# Extreme Heat Alert - 1936



## mariomike (18 Jul 2012)

The City of Toronto - and other areas - has been experiencing record breaking temperatures. The usual spike in call volume and PSAs.

That is not the reason for this post.

I wanted to share a message from T-EMS to their Pioneers ( retired members ).

The 1936 Heat Wave   

The July 13, 1936 edition of the Toronto Star reported that Toronto suffered a deadly heat wave that taxed the ambulance service. The headlines read: 

" City Ambulance Staff Works Harder Than During The Flu Epidemic"

Reports of the day indicated that more than 325 had died in Toronto since the heat wave had started 6 days earlier.

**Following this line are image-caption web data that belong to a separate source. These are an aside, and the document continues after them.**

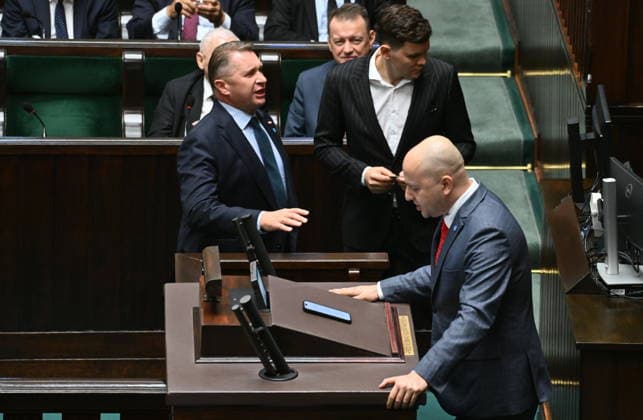 RECORD DATE NOT STATED 03.07.2026 WARSZAWA SEJM RP POSIEDZENIE SEJMU July 3, 2026 Warsaw – Sejm of the Republic of Poland – Sejm Session – Polish Parliament GLOSOWANIA N Z DARIUSZ MATECKI PRZEMYSLAW CZARNEK FOT DAMIAN BURZYKOWSKI NEWSPIXPL NEWSPIX.PL --- newspix.pl 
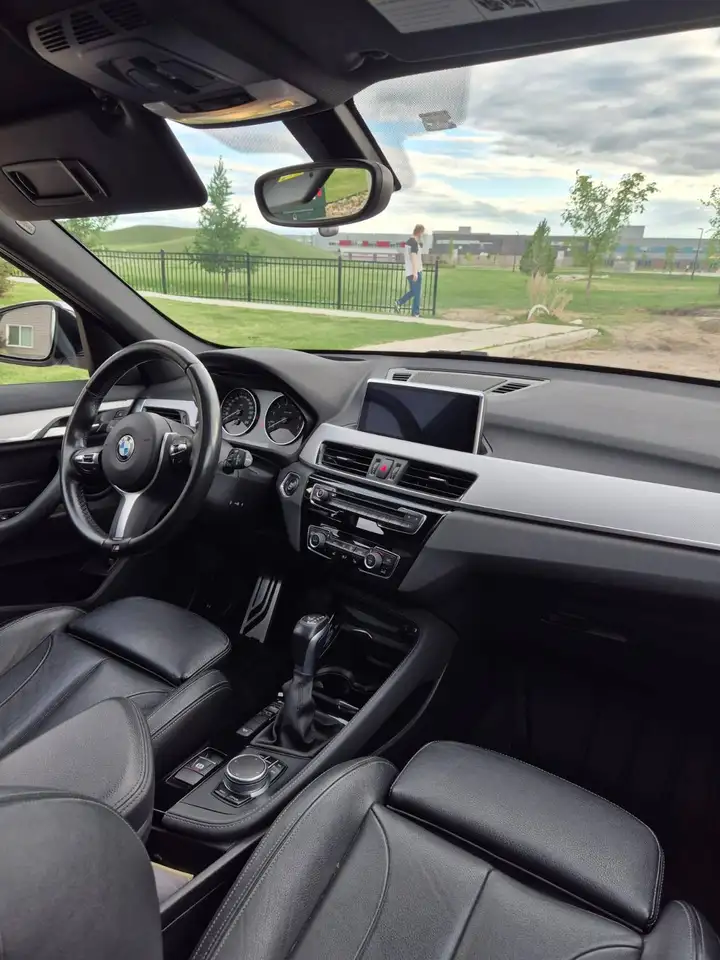 BMW X1 снимка BMW X1
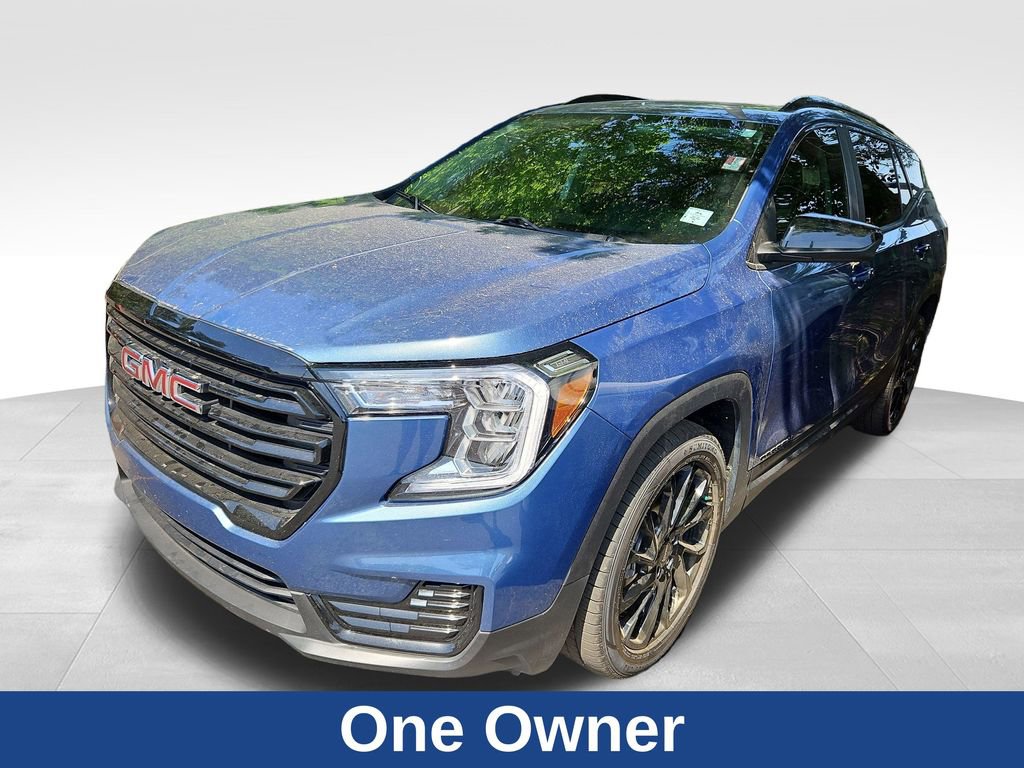 Used 2024 GMC Terrain SLE w/ Driver Convenience Package FWD image 3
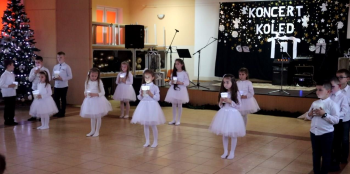Taniec z lampionami podczas Koncert Kolęd 2023 r.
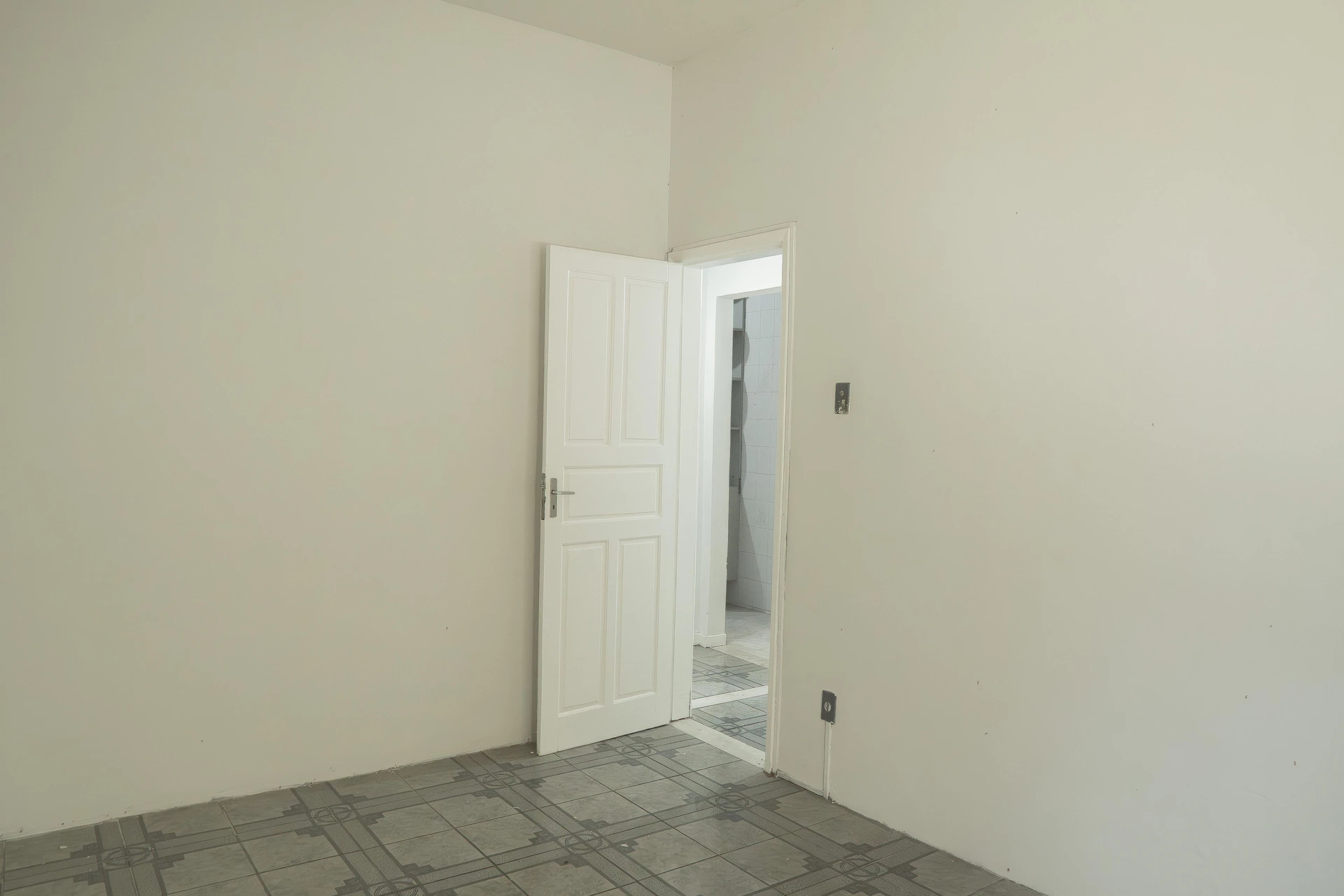 3-bedroom apartment, 1 with its own bathroom, 120 m² — photo 48
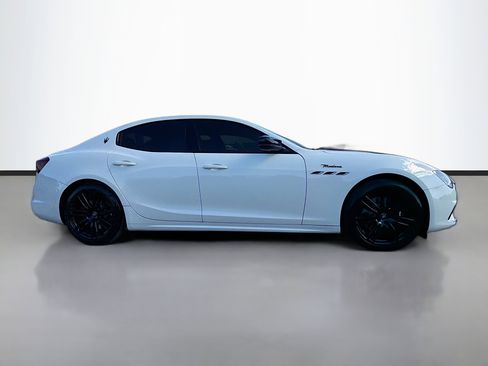 Used 2023 Maserati Ghibli Modena image 2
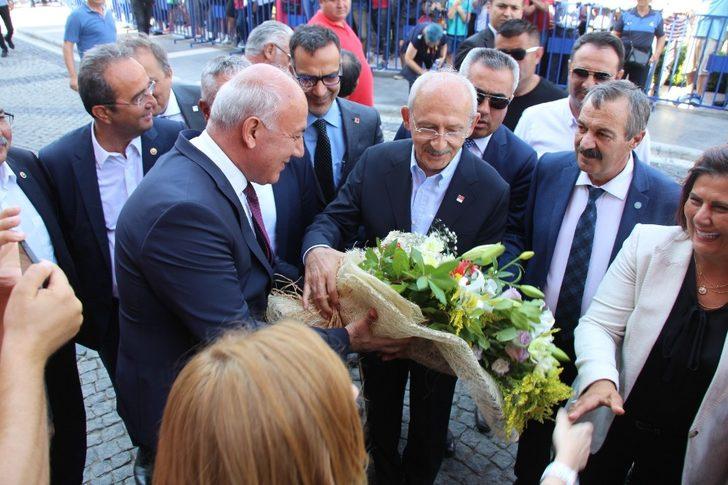 Kılıçdaroğlu’na Söke’de körüklü efe çizmesi hediye edildi G3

Temperatures  had reached 100 Fahrenheit ( 37.7 Celsius) and 120 people had died over the weekend alone. 

"Again last night Toronto camped out. Citizens took springs and mattresses into back yards, parks, down to beaches and some mounted flat roofs in the hope of getting any breeze which might be stirring." 

The report continues: " Ambulance staff have hardly had time to eat the last few days, officials of the Public Health service said. One Ambulance handled about 50 cases in a day and in one hour there were 8 deaths and a number of prostration cases to be taken care of. The Ambulance staff of 12 men said that they did not have to work this hard, even during the 1918 Flu epidemic." 

The 1936 Heat Wave:
http://www.heritagetoronto.org/news/story/2011/11/16/1936-heat-wave


----------